Questo è il "massacro sociale" che si profila all'orizzonte: la progressiva erosione del welfare, la precarizzazione del lavoro, l'aumento delle disuguaglianze, il tutto in nome di una presunta sicurezza che, nei fatti, si traduce in una crescente instabilità globale e in un rischio concreto di conflitto nucleare. Mentre i governi occidentali continuano a pompare miliardi nelle spese militari, i servizi pubblici essenziali languono, la povertà aumenta, le speranze per il futuro si affievoliscono.

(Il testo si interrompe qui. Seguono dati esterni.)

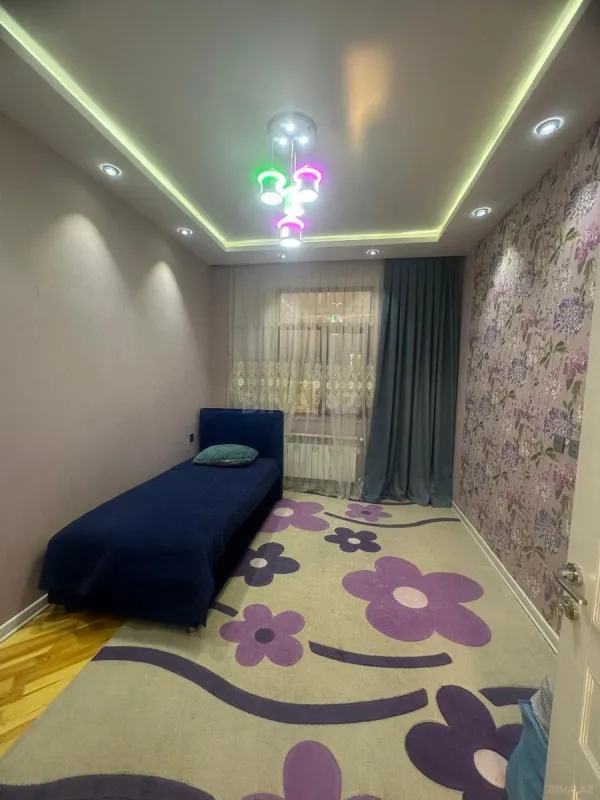 Satılır 7 otaqlı həyət evi 250 m²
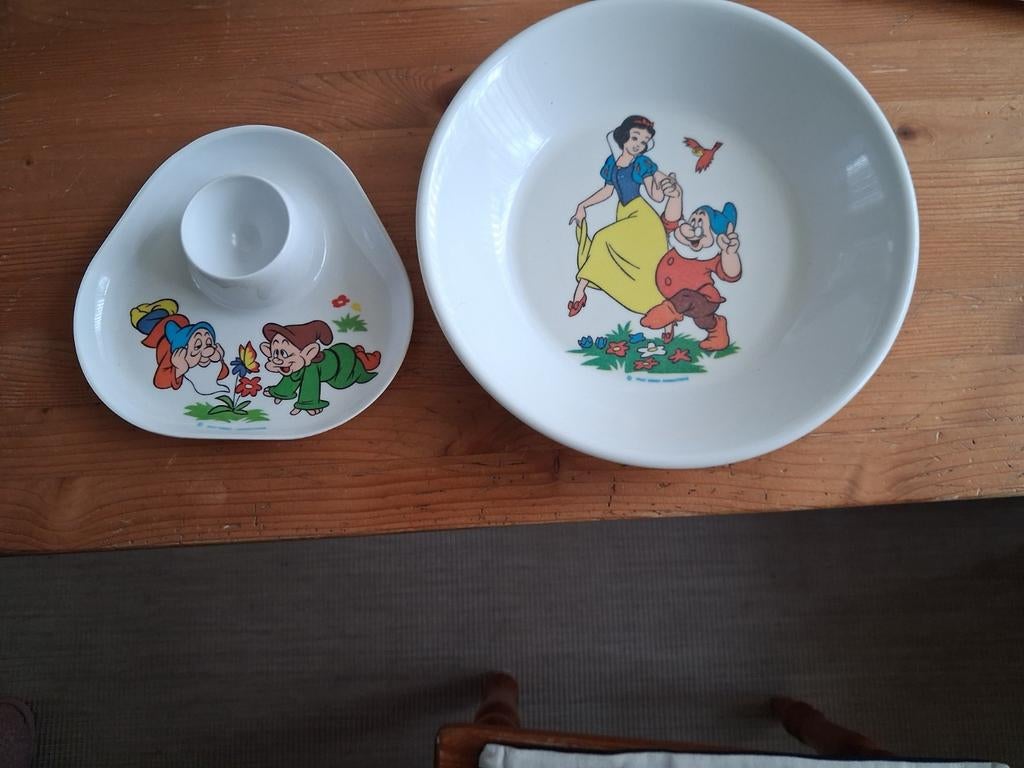 Plastic kinderbordje en eierdop, Huis en Inrichting, Keuken | Servies, Overige materialen, Gebruikt, Ophalen of Verzenden, Bord(en)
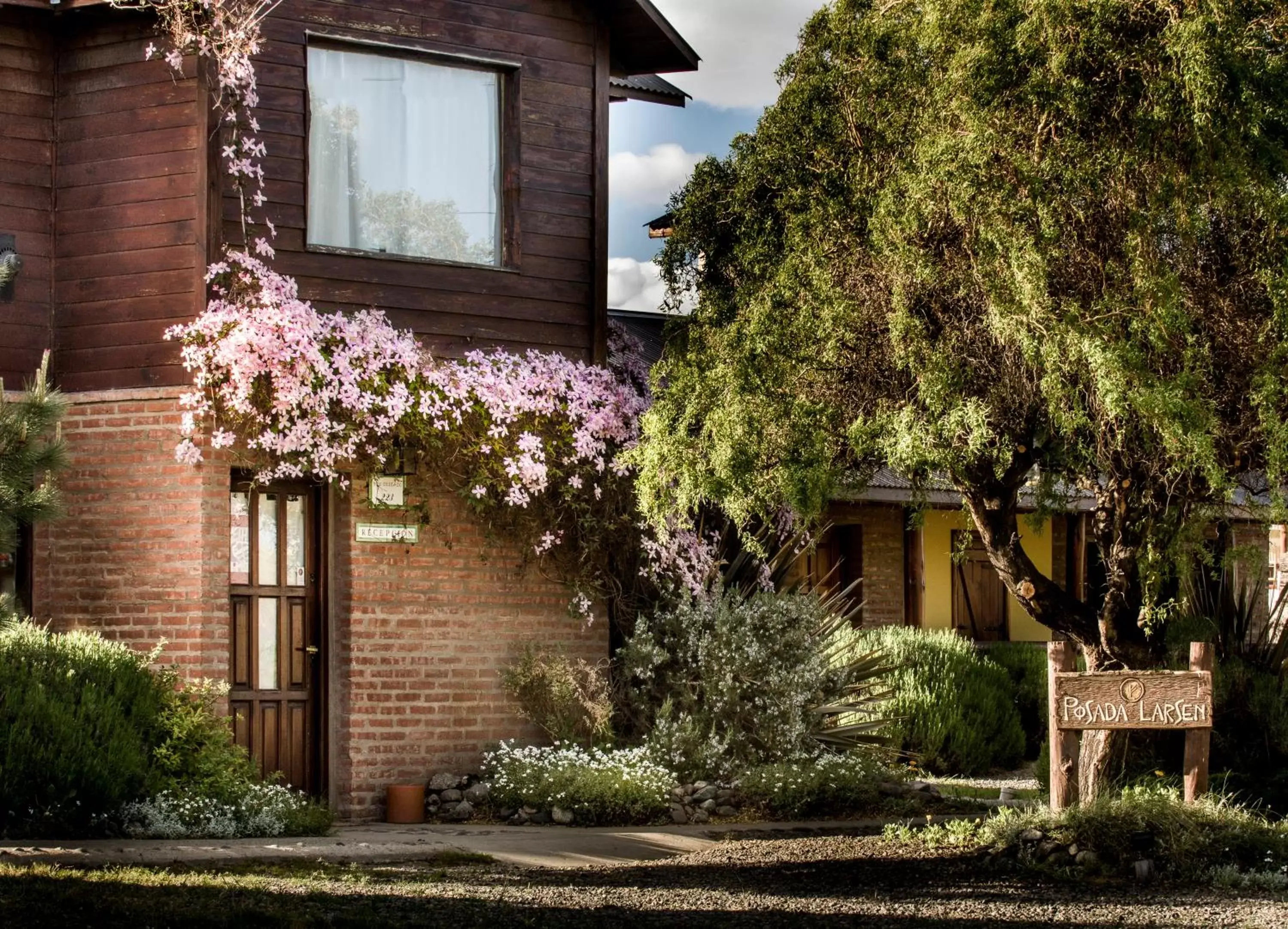 Posada Larsen Posada Larsen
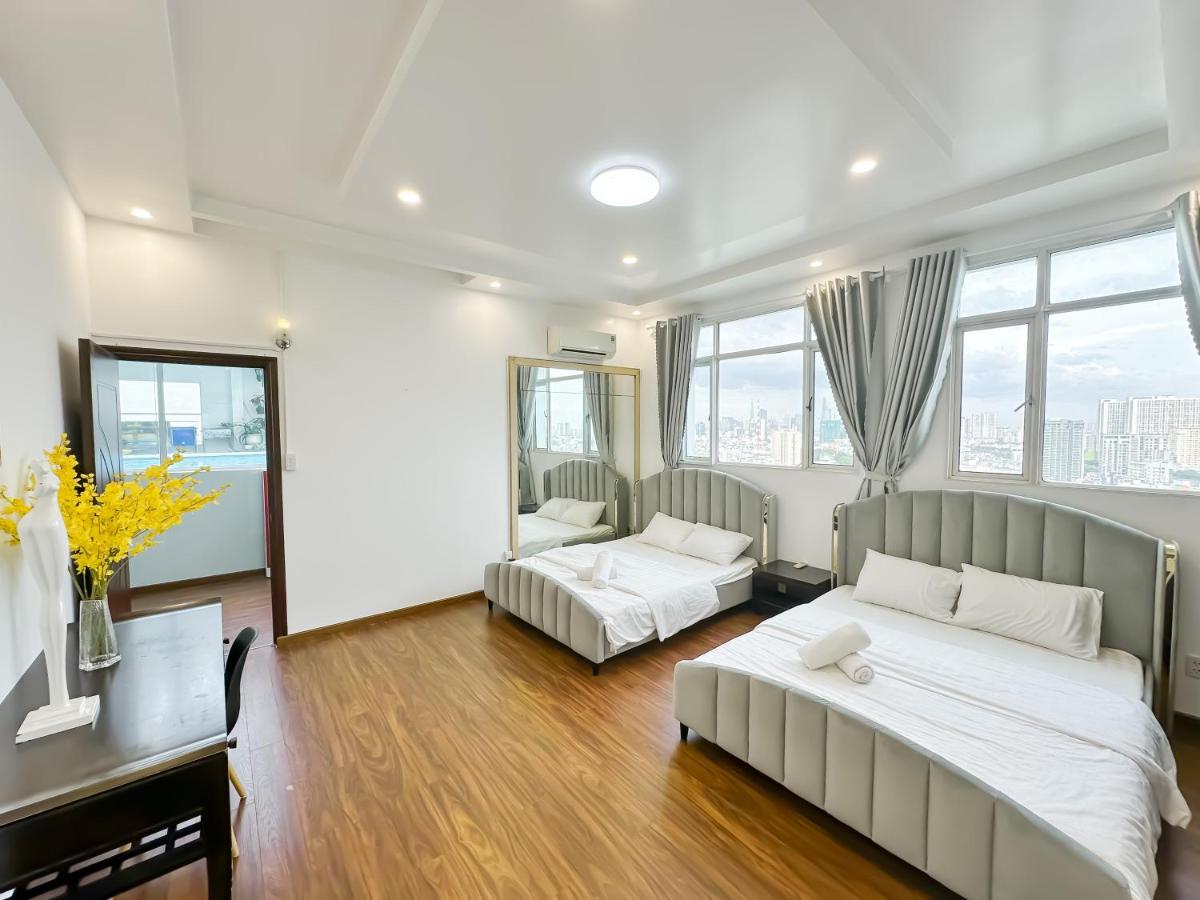 White Penthouse - Rooftop Pool Private - Central City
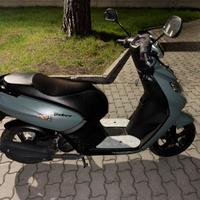 Peugeot Kisbee Shadow 50cc, 2025, solo 1745 km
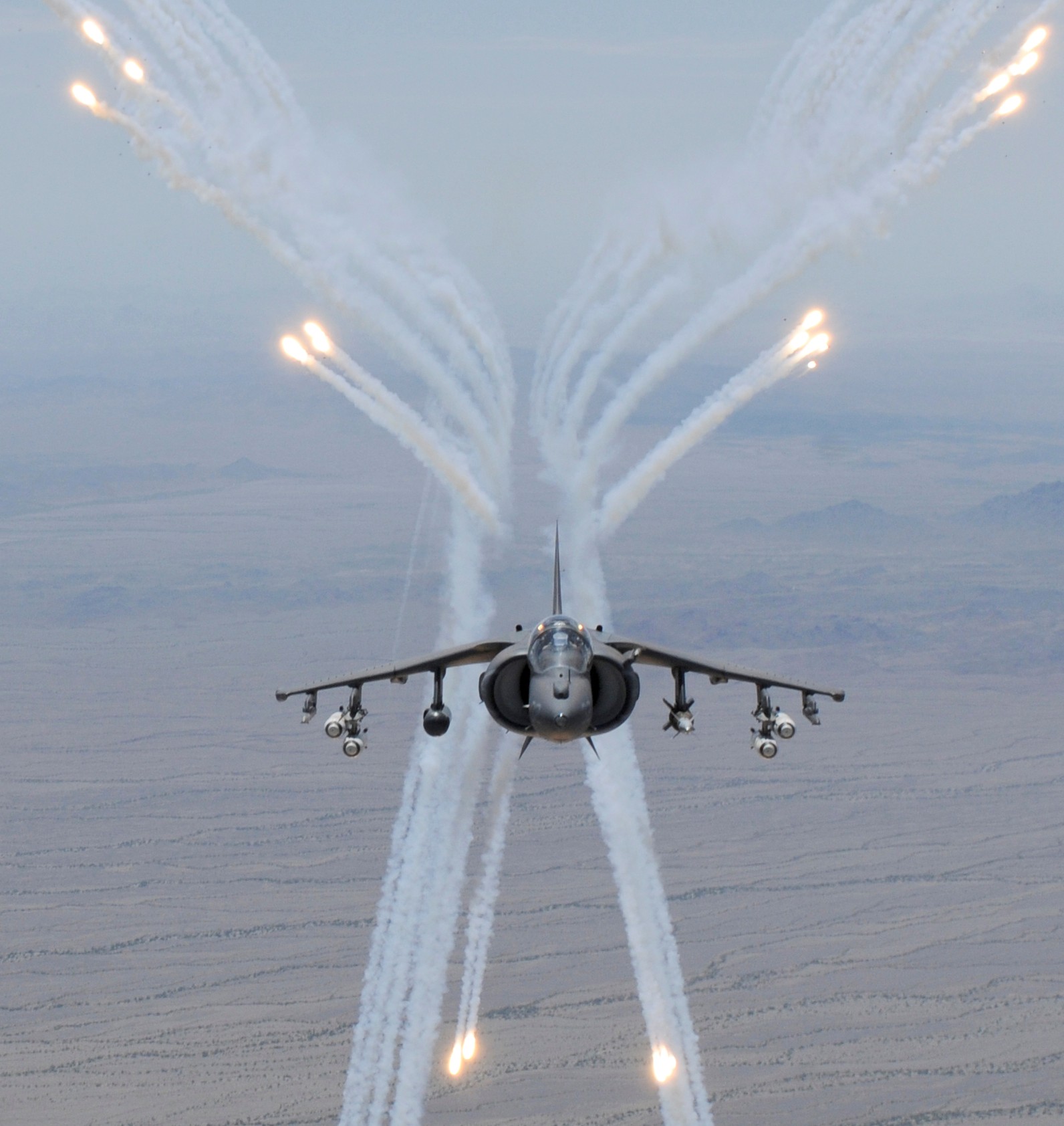 vmat-203 hawks marine attack training squadron av-8b harrier ii mcas yuma arizona 31p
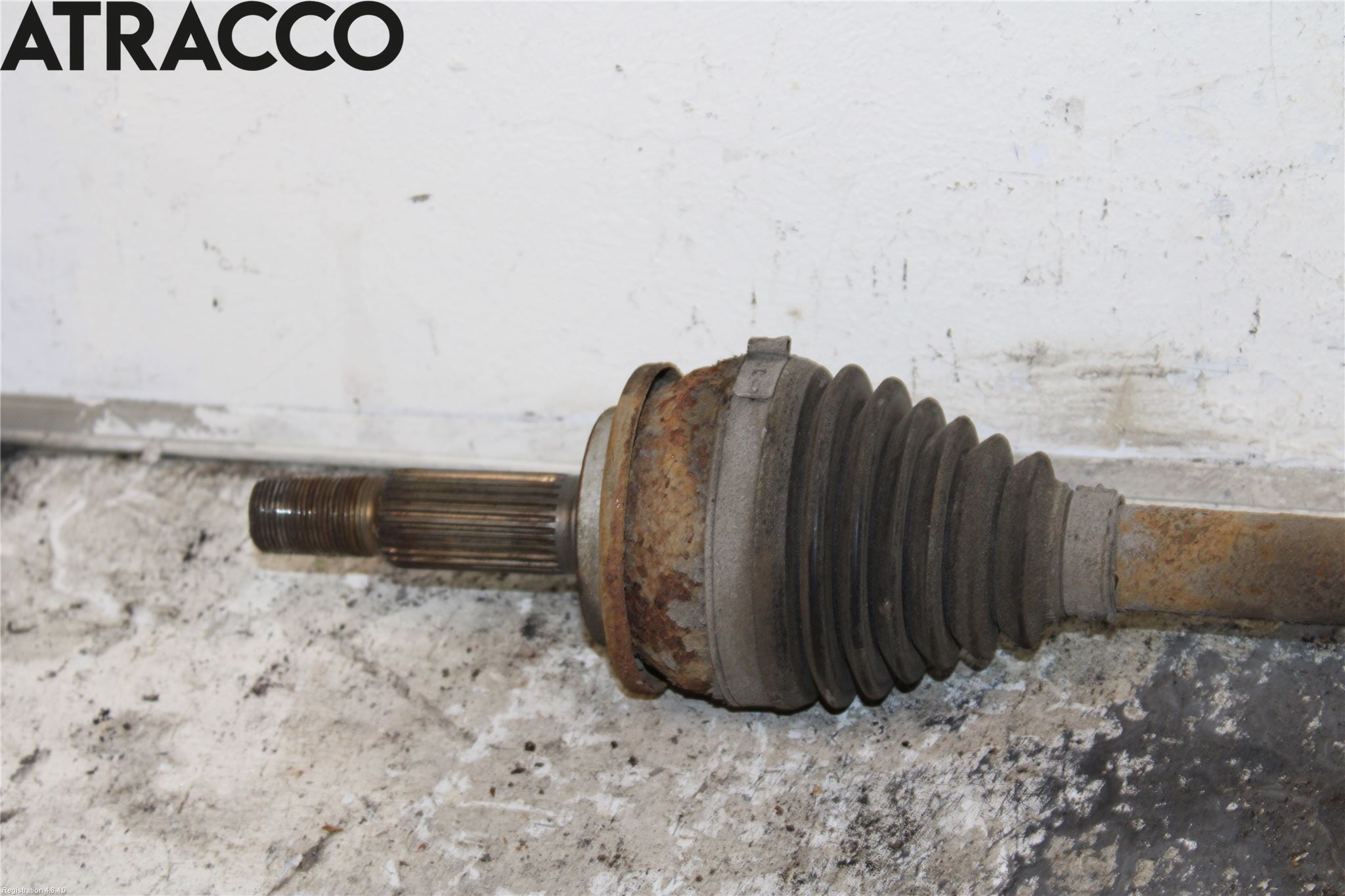 Toyota AURIS 10-12 Drivaksel Foran Kompl Venstre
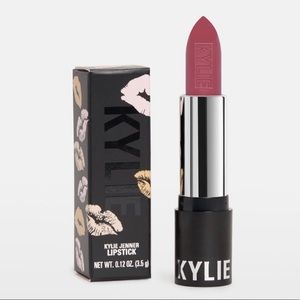 Kylie Jenner “Flirtini” Matte lipstick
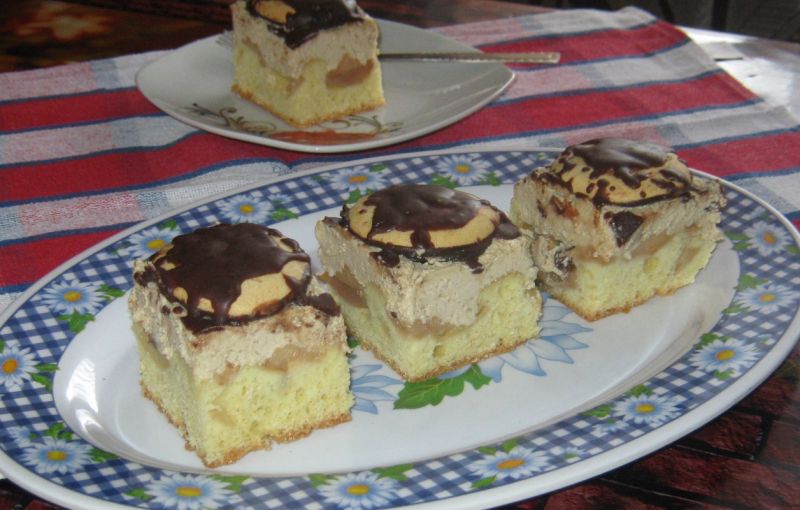 Ciasto z kremem i owocami Ciasto z kremem i owocami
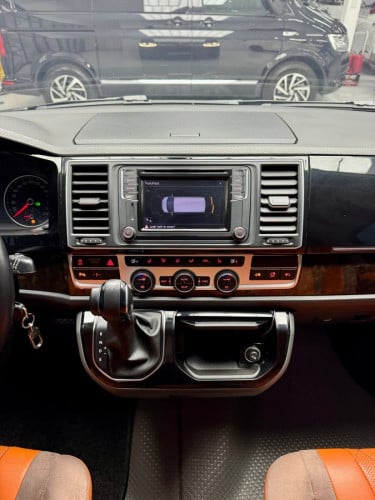 ៖  Volkswagen Caravelle តួវែង​  2018​ (​ ពណ៌ខ្មៅ🖤)V4 2.0L( ម៉ាស៊ីន​សាំង​​ )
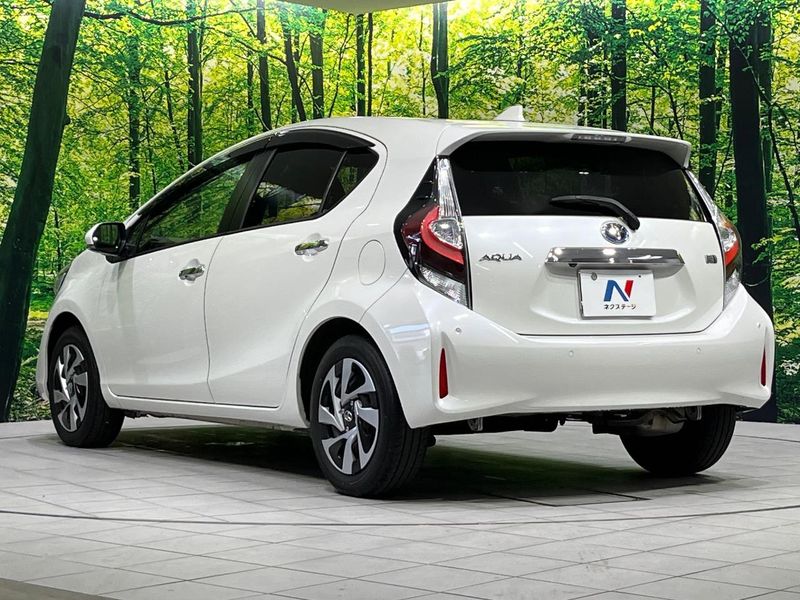 2021 Toyota Aqua 6AA-NHP10 (UW-6a50643bb944a)[13]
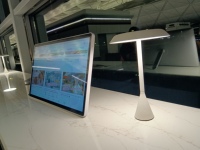 Moniteur tactile portable Android 24 pouces avec Wi-Fi, USB, caméra et haut-parleurs pour réunions, éducation et formation – Options de couleurs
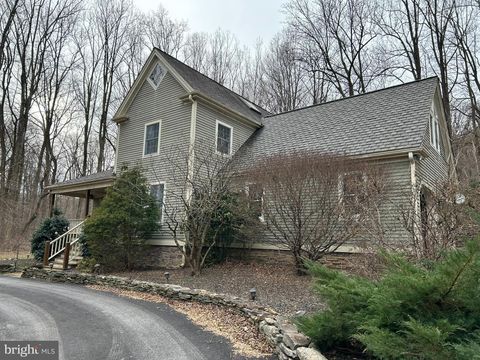 Homes For Sale - 38074 Stevens Road<br/> LOVETTSVILLE, VA 20180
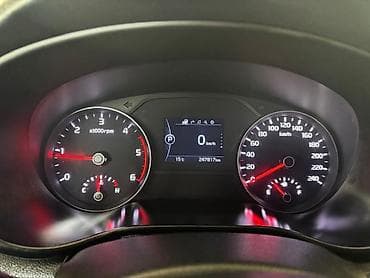 шторка багажника киа спортейдж 4: Kia Sportage: 2017 г., 2 л, Дизель, Кроссовер — 9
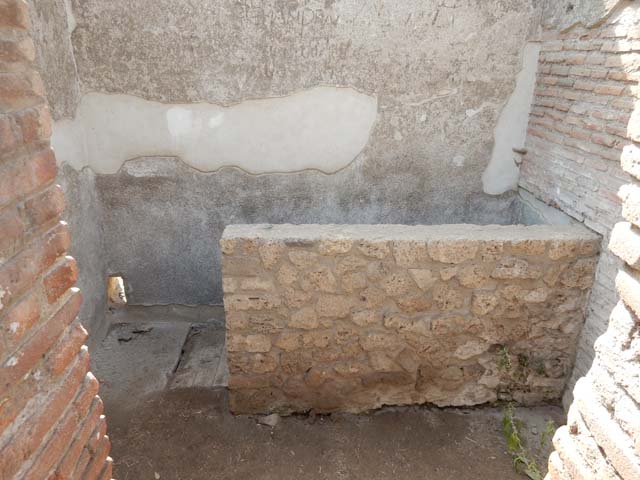 VIII.7.28 Pompeii. September 2015. Looking towards the south-east corner, and the top of the stairs leading down to the underground room.
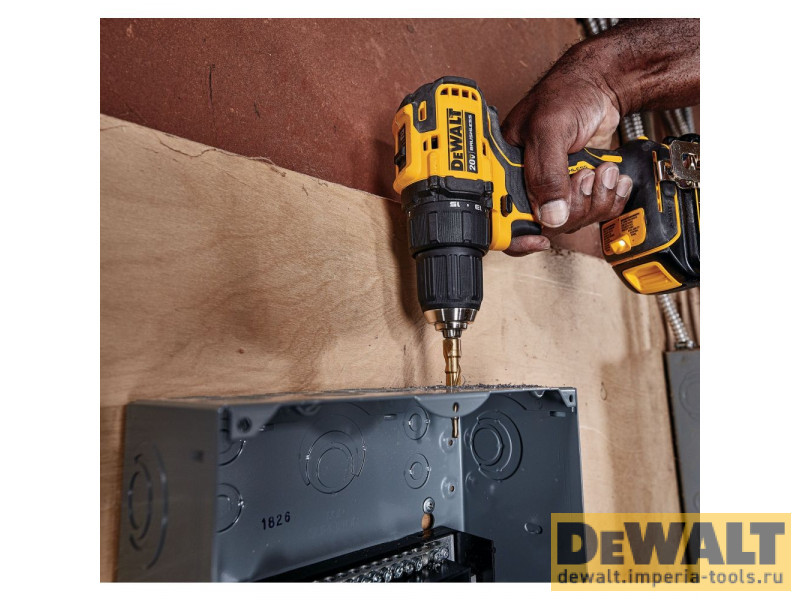 Аккумуляторная бесщеточная дрель-шуруповерт DeWALT, 18 В, 1650 об/мин, с 2 АКБ 1.5 Ач и ЗУ, в кейсе TSTAK, DCD708S2T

È imperativo invertire la rotta. È necessario riportare LA PACE al centro del dibattito pubblico in Italia. Dobbiamo smascherare la retorica guerrafondaia, denunciare le menzogne che ci vengono propinate, rivendicare il diritto ad un futuro di prosperità e benessere, non di distruzione e morte. Appelli alla amatriciana, circa la necessita di fare fronte comune al fascismo, da chi in realtà su questo essenziale e dirimente punto fa le stesse cose del governo Meloni, è un tatticismo elettorale che produce solo altro astensionismo e un ulteriore distacco tra popolo e Istituzioni. Non possiamo permettere che la follia della guerra e il vuoto politico della retorica ci trascini in un abisso senza ritorno. È tempo di dire basta, di alzare la voce, di pretendere che la politica torni ad occuparsi dei bisogni reali delle persone, non degli interessi oscuri di chi specula sulla guerra e sulla paura. La pace non è un sogno utopistico, ma una necessità vitale, un obiettivo concreto per cui lottare con tutte le nostre forze ed è senza ombra di dubbio l'asse fondativo di una vera alternativa di potere. Il futuro delle nostre società dipende dalla nostra capacità di scegliere la via della ragione e del dialogo tra i popoli, abbandonando la pericolosa deriva militarista che ci sta conducendo verso il disastro.